[Scraped caption text data]

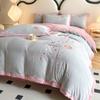 Light Luxury Autumn and Winter Milk Velvet Four-piece Bed Sheet Quilt Cover Bed Coral Velvet Embroidered Quilt Cover Warm Thickened Flannel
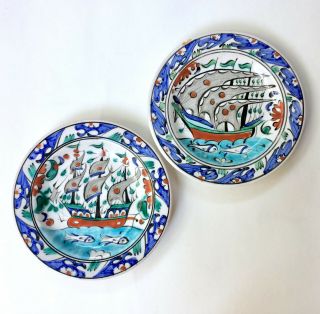 Two Vintage Ikaros Rhodes Ceramic Wall Plates 5 7/8 " 15cm Greece Icaro Rodi
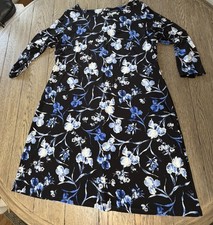 Tommy Hilfiger Women's Black Dress Blue Floral Print Size 16 Back Zip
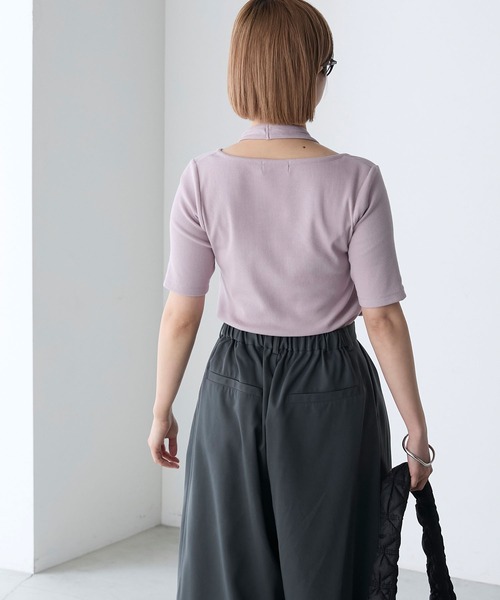 forksy.(フォルクシー)の「【forksy.】テレコアシンメトリー半袖Tシャツ(Tシャツ/カットソー・レディース・イエロー/スミクロ/アイボリー/ラベンダー・FREE)」の12枚目の写真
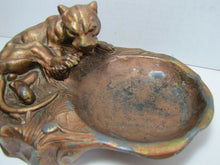 Load image into Gallery viewer, Art Deco Tiger Cougar Tray Figural Big Cat Trinket Card Tip Decorative Arts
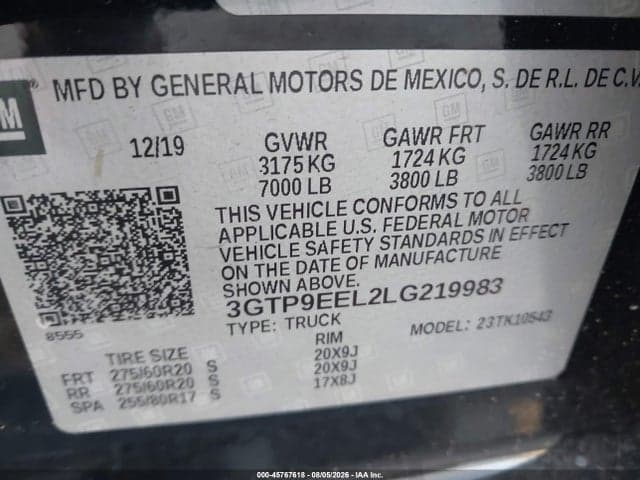 2020 GMC SIERRA 1500 4WD SHORT BOX AT4 9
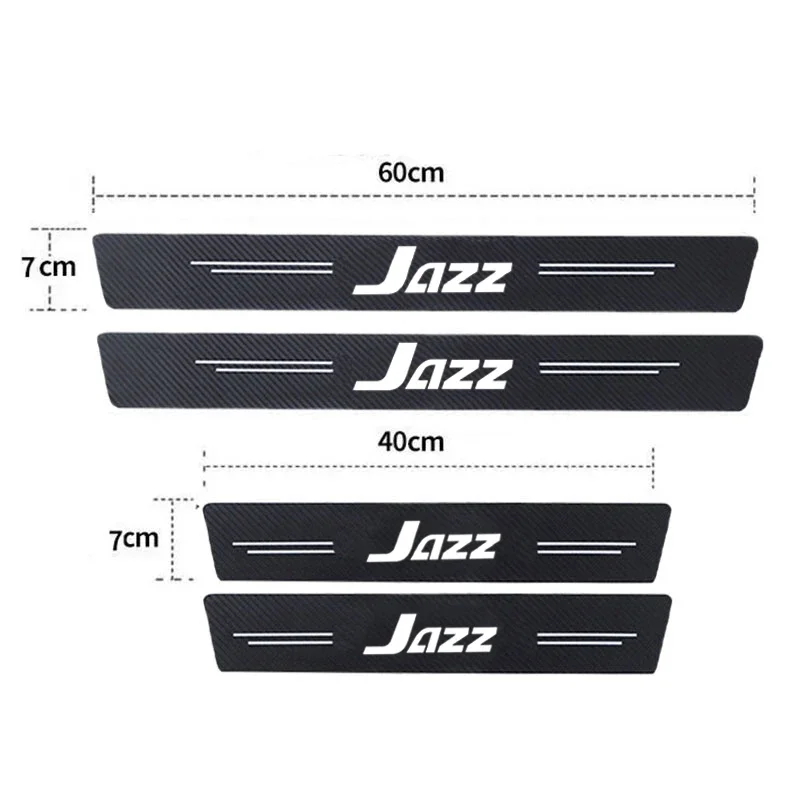 Luminous Car Threshold Door Pedal Strips for Honda Jazz Logo Rear Trunk Sill Bumper Protector Sticker Anti-Scratch Guard Decals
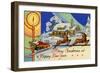 Merry Christmas And A Happy New Year-Curt Teich & Company-Framed Art Print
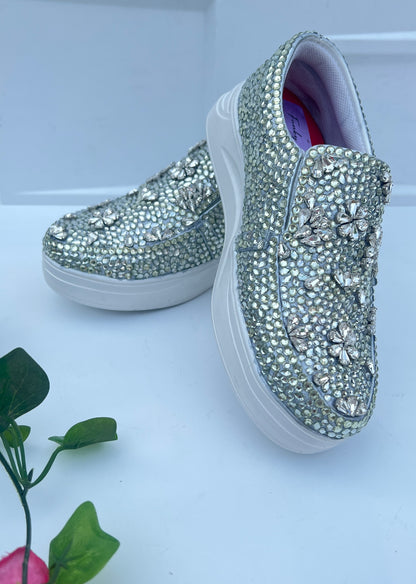 Funky N Trendy hand crystalized silver sneakers for brides / bridesmaids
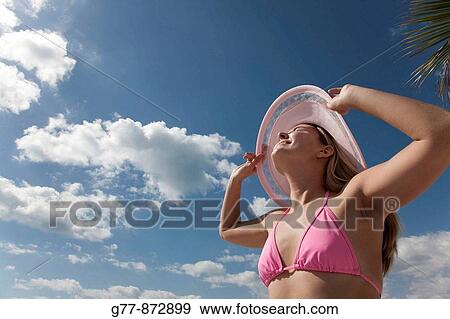 Woman on the beach, Miami, Florida, USA View Large Photo Image Stock Photo - Woman on the beach, Miami, Florida, USA. Fotosearch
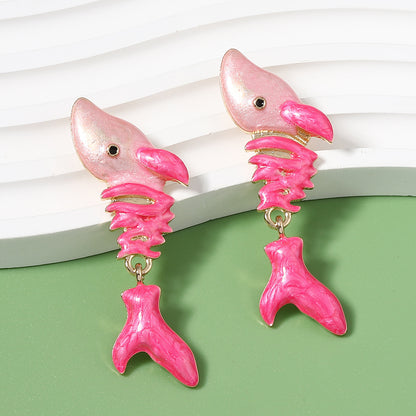 Trendy Fresh Vacation Vibe Shark-Inspired Alloy Droplet Earrings - Unique Animal Design for Creative Fashion Lovers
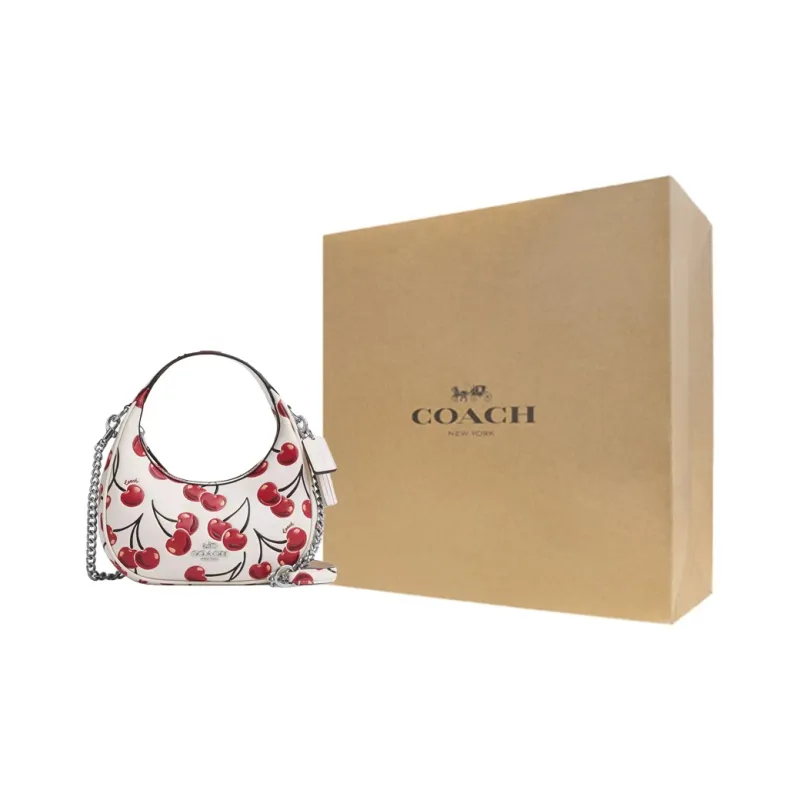 COACH CARMEN Leather Shoulder Bag Crossbody Bag Handbag Mini Women's Chalk-8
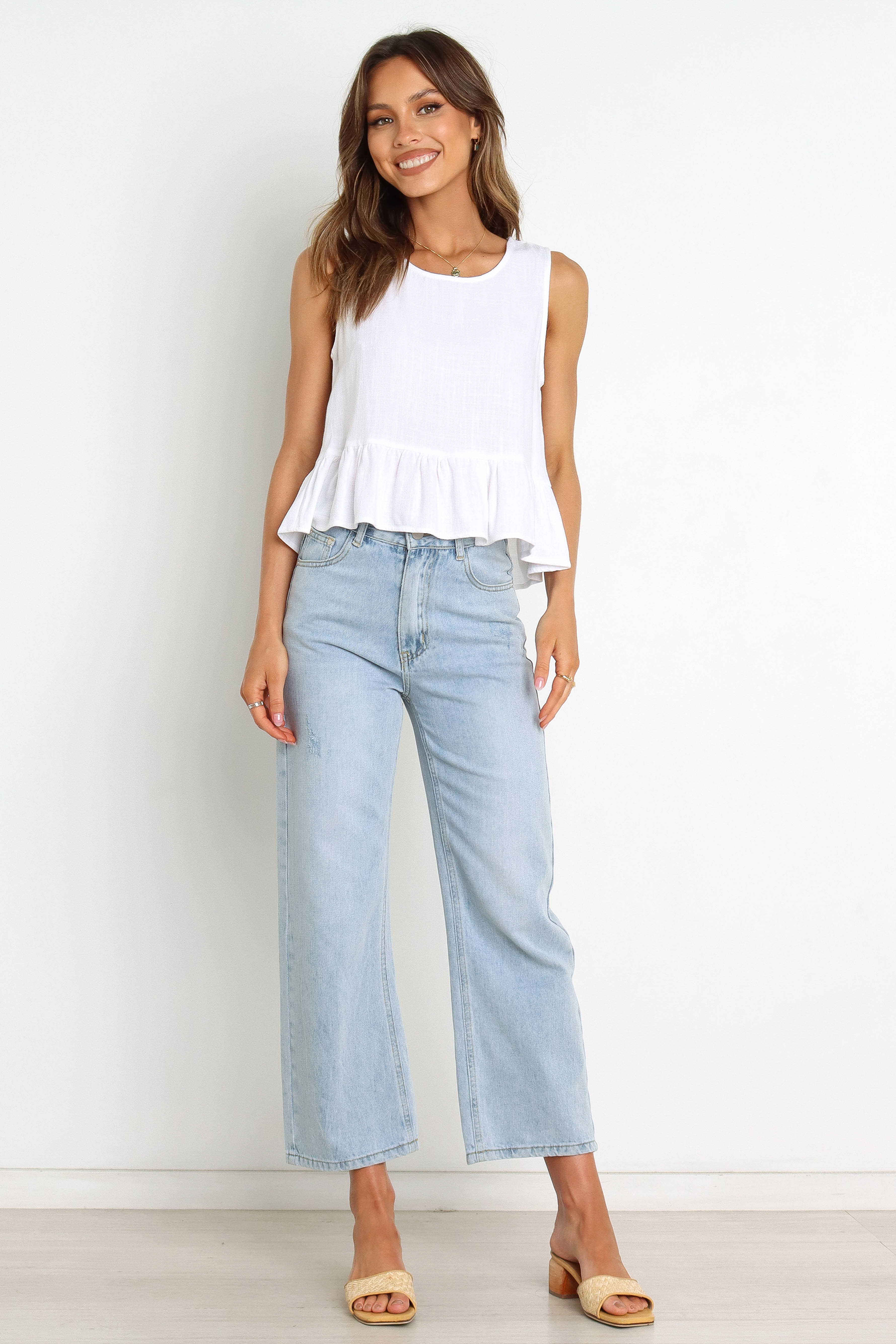 Women's White Smock Top with Ruffle Hemline & Button Detail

*TASK:*
Give every line of the data above again as it stands; the pictures stay out.

*ANSWER TO THIS EXERCISE:*
 Light Luxury Autumn and Winter Milk Velvet Four-piece Bed Sheet Quilt Cover Bed Coral Velvet Embroidered Quilt Cover Warm Thickened Flannel
 Two Vintage Ikaros Rhodes Ceramic Wall Plates 5 7/8 " 15cm Greece Icaro Rodi
 Tommy Hilfiger Women's Black Dress Blue Floral Print Size 16 Back Zip
 forksy.(フォルクシー)の「【forksy.】テレコアシンメトリー半袖Tシャツ(Tシャツ/カットソー・レディース・イエロー/スミクロ/アイボリー/ラベンダー・FREE)」の12枚目の写真
 Load image into Gallery viewer, Art Deco Tiger Cougar Tray Figural Big Cat Trinket Card Tip Decorative Arts
 2020 GMC SIERRA 1500 4WD SHORT BOX AT4 9
 Luminous Car Threshold Door Pedal Strips for Honda Jazz Logo Rear Trunk Sill Bumper Protector Sticker Anti-Scratch Guard Decals
 Merry Christmas And A Happy New Year-Curt Teich & Company-Framed Art Print
 Funky N Trendy hand crystalized silver sneakers for brides / bridesmaids
 Woman on the beach, Miami, Florida, USA View Large Photo Image Stock Photo - Woman on the beach, Miami, Florida, USA. Fotosearch
 Trendy Fresh Vacation Vibe Shark-Inspired Alloy Droplet Earrings - Unique Animal Design for Creative Fashion Lovers
 COACH CARMEN Leather Shoulder Bag Crossbody Bag Handbag Mini Women's Chalk-8
 Women's White Smock Top with Ruffle Hemline & Button Detail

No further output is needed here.